┌─ RAW DATA

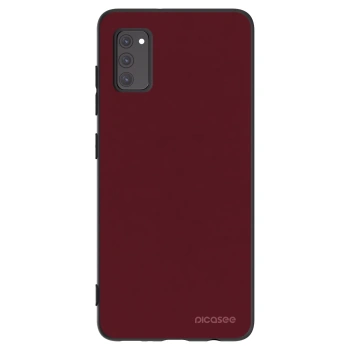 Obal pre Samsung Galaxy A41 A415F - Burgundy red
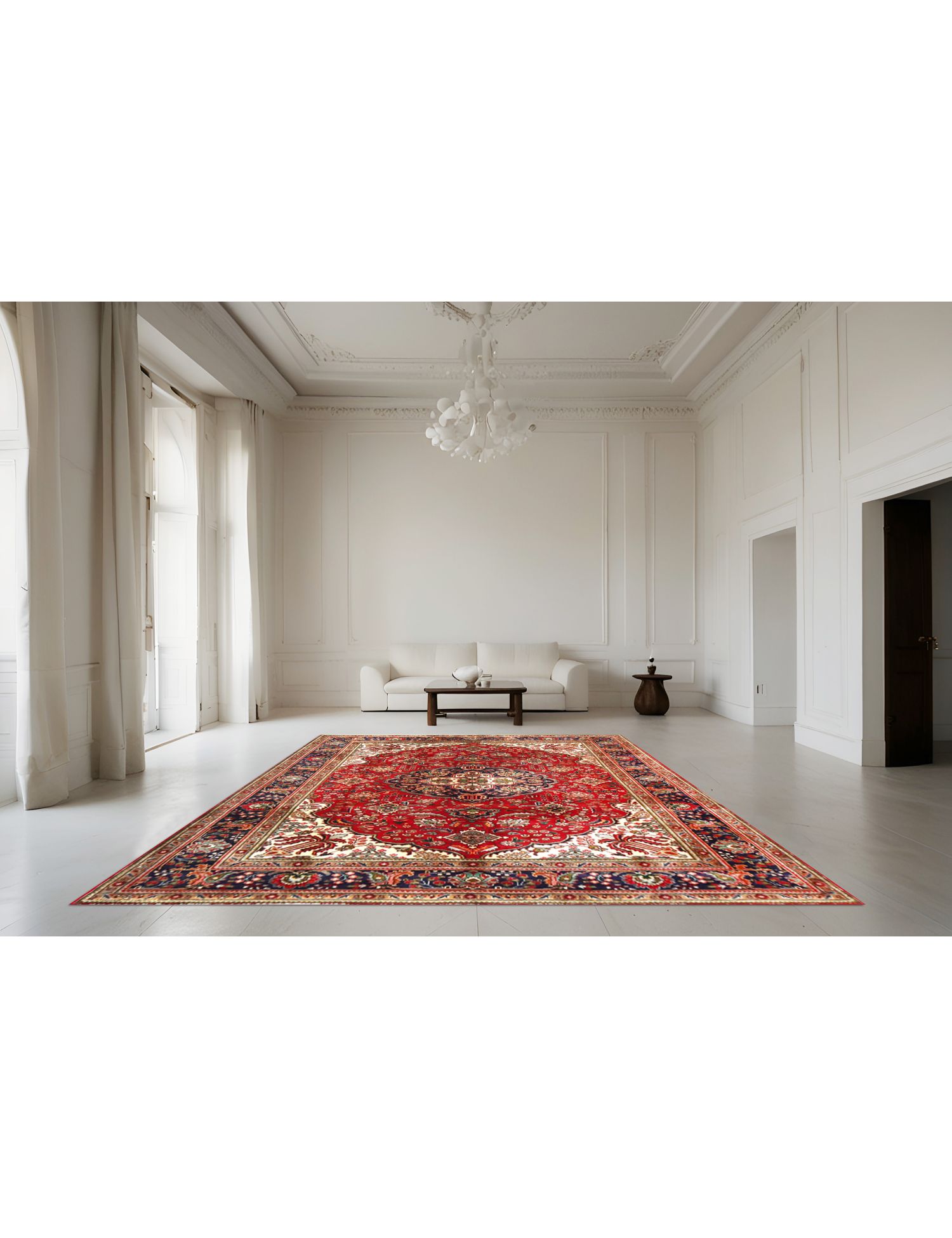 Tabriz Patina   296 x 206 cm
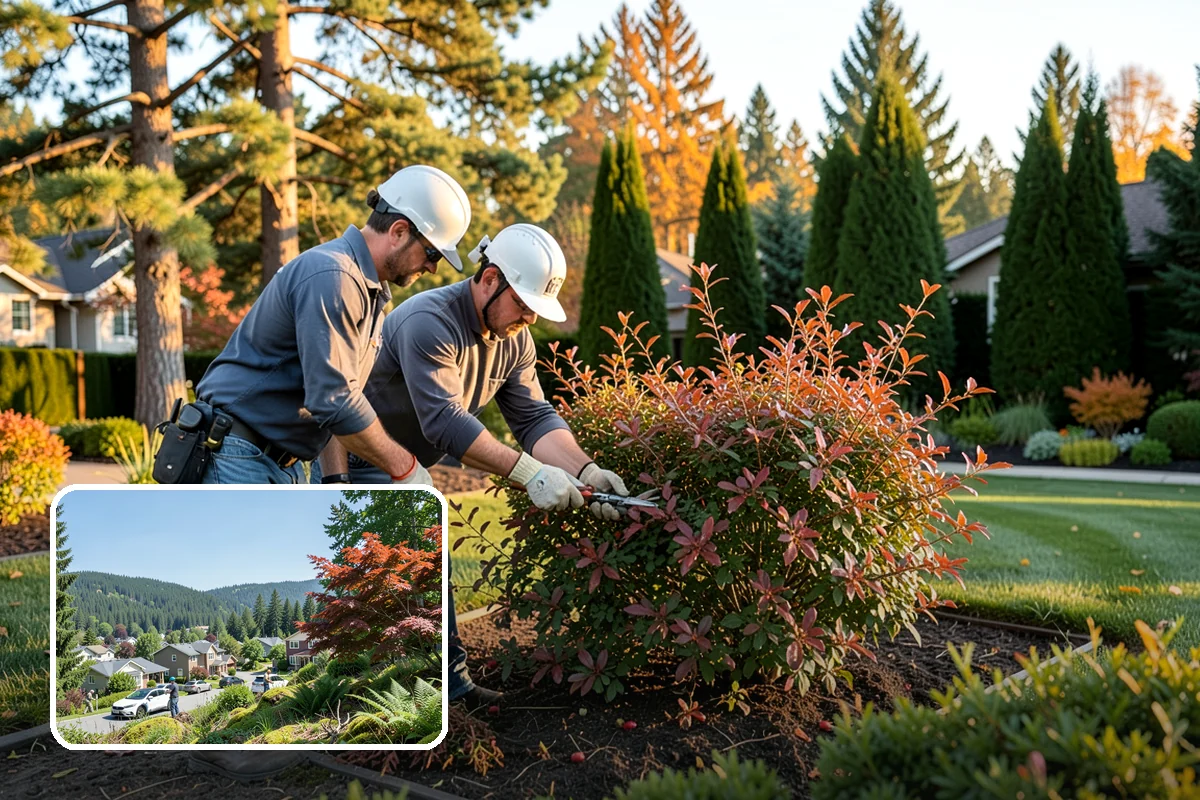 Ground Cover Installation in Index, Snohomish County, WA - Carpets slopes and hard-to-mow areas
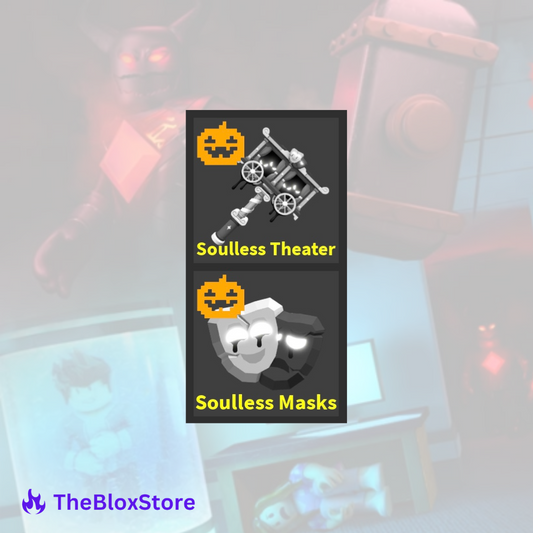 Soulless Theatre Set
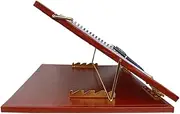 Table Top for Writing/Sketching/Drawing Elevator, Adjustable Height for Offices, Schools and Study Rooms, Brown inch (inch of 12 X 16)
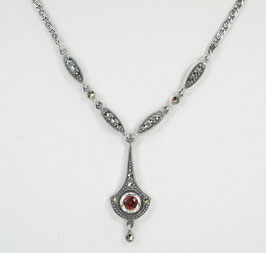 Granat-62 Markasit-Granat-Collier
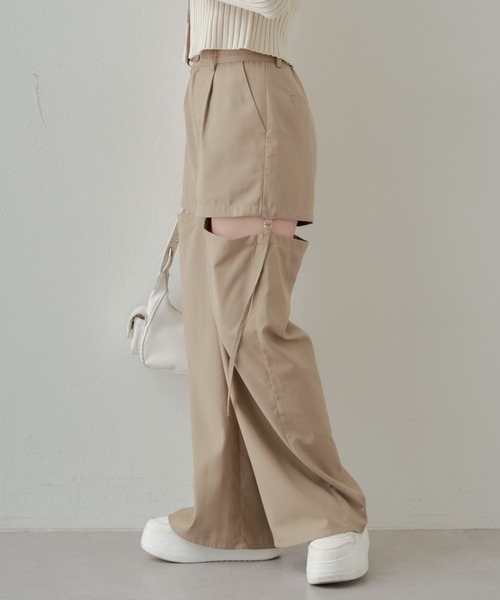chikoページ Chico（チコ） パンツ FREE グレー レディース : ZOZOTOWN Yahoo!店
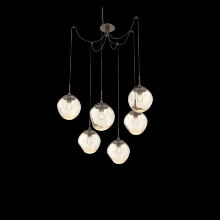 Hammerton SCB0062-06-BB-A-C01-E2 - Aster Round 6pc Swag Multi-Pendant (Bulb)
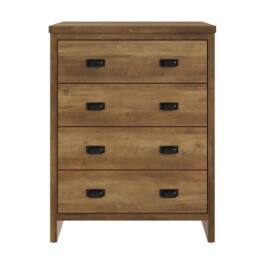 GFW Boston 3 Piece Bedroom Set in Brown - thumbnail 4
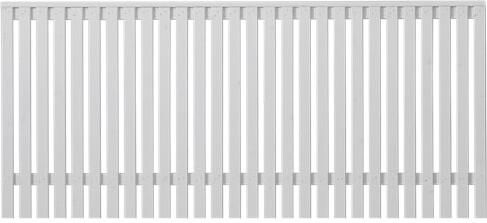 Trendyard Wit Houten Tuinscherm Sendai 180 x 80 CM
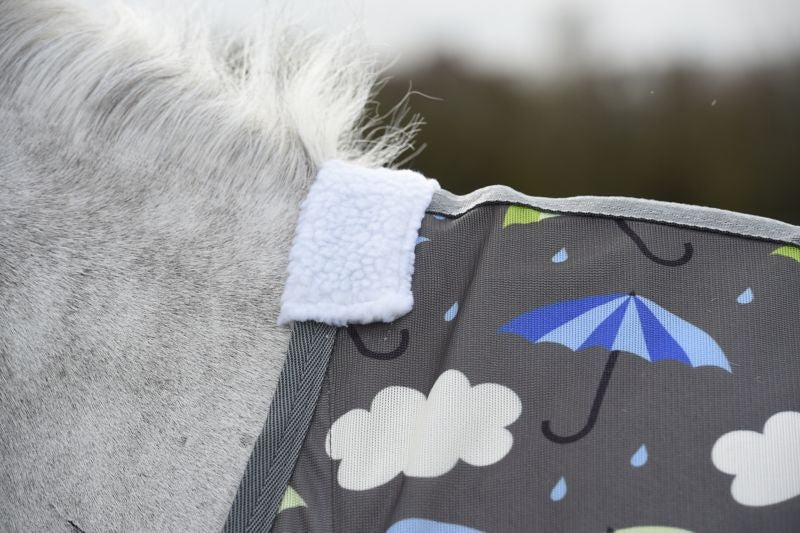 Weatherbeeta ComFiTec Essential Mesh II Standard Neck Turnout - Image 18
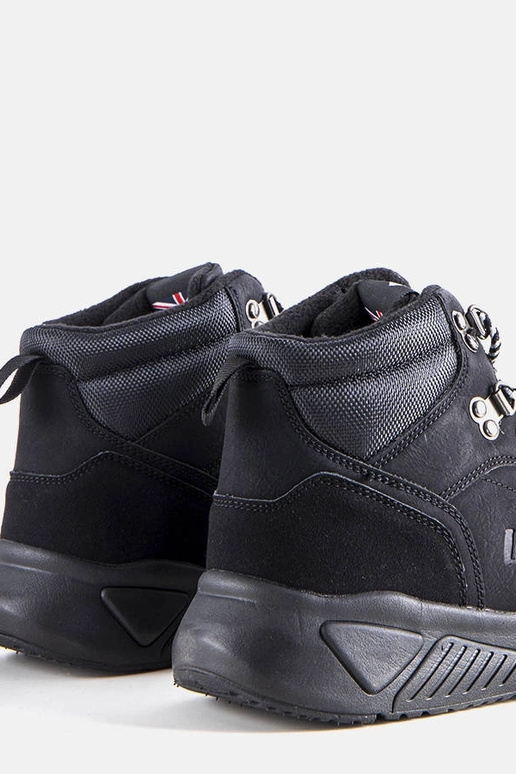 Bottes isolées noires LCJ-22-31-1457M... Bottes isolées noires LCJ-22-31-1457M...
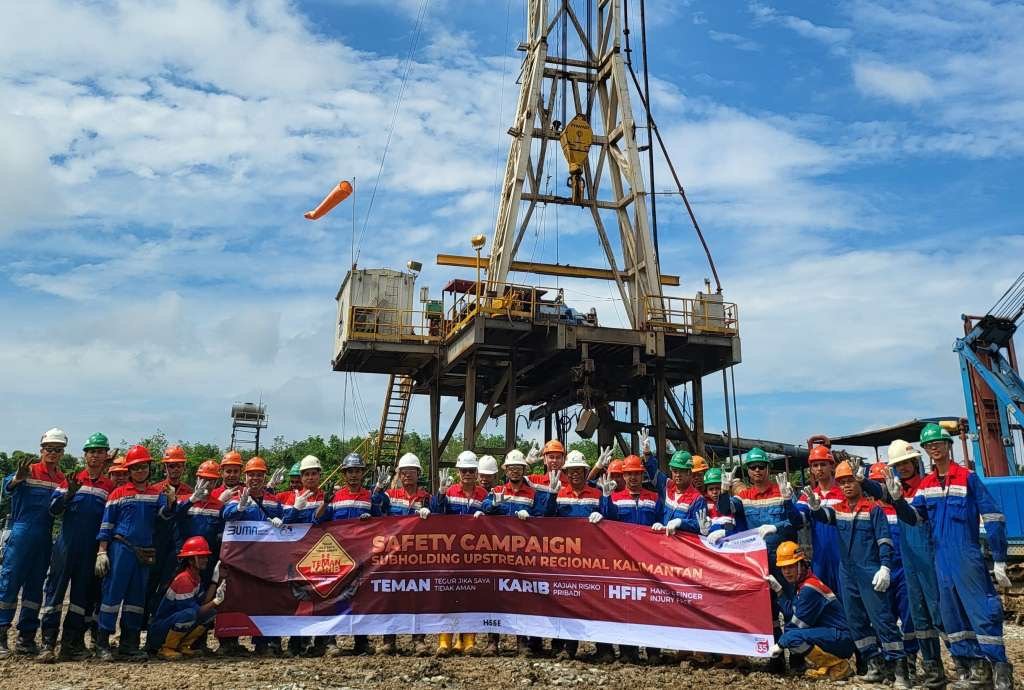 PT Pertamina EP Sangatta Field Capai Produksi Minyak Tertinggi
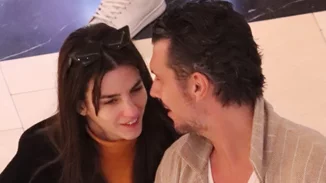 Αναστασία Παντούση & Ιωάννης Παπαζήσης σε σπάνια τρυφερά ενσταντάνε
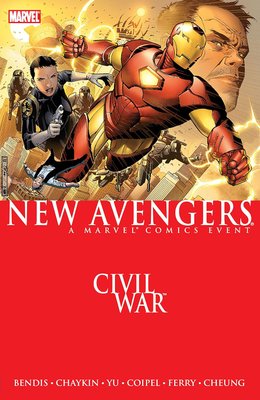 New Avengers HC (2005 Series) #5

└─

* WORK ORDER *
Reproduce the lines of the data that run from the one containing "Soulless Theatre Set" to the final line, both included, exactly as they appear and without the pictures.

* RESPONSE TO THIS TASK *
 Soulless Theatre Set
 Table Top for Writing/Sketching/Drawing Elevator, Adjustable Height for Offices, Schools and Study Rooms, Brown inch (inch of 12 X 16)
 Granat-62 Markasit-Granat-Collier
chikoページ Chico（チコ） パンツ FREE グレー レディース : ZOZOTOWN Yahoo!店
 Hammerton SCB0062-06-BB-A-C01-E2 - Aster Round 6pc Swag Multi-Pendant (Bulb)
 GFW Boston 3 Piece Bedroom Set in Brown - thumbnail 4
 Trendyard Wit Houten Tuinscherm Sendai 180 x 80 CM
 Weatherbeeta ComFiTec Essential Mesh II Standard Neck Turnout - Image 18
 Bottes isolées noires LCJ-22-31-1457M... Bottes isolées noires LCJ-22-31-1457M...
 PT Pertamina EP Sangatta Field Capai Produksi Minyak Tertinggi
 Αναστασία Παντούση & Ιωάννης Παπαζήσης σε σπάνια τρυφερά ενσταντάνε
 New Avengers HC (2005 Series) #5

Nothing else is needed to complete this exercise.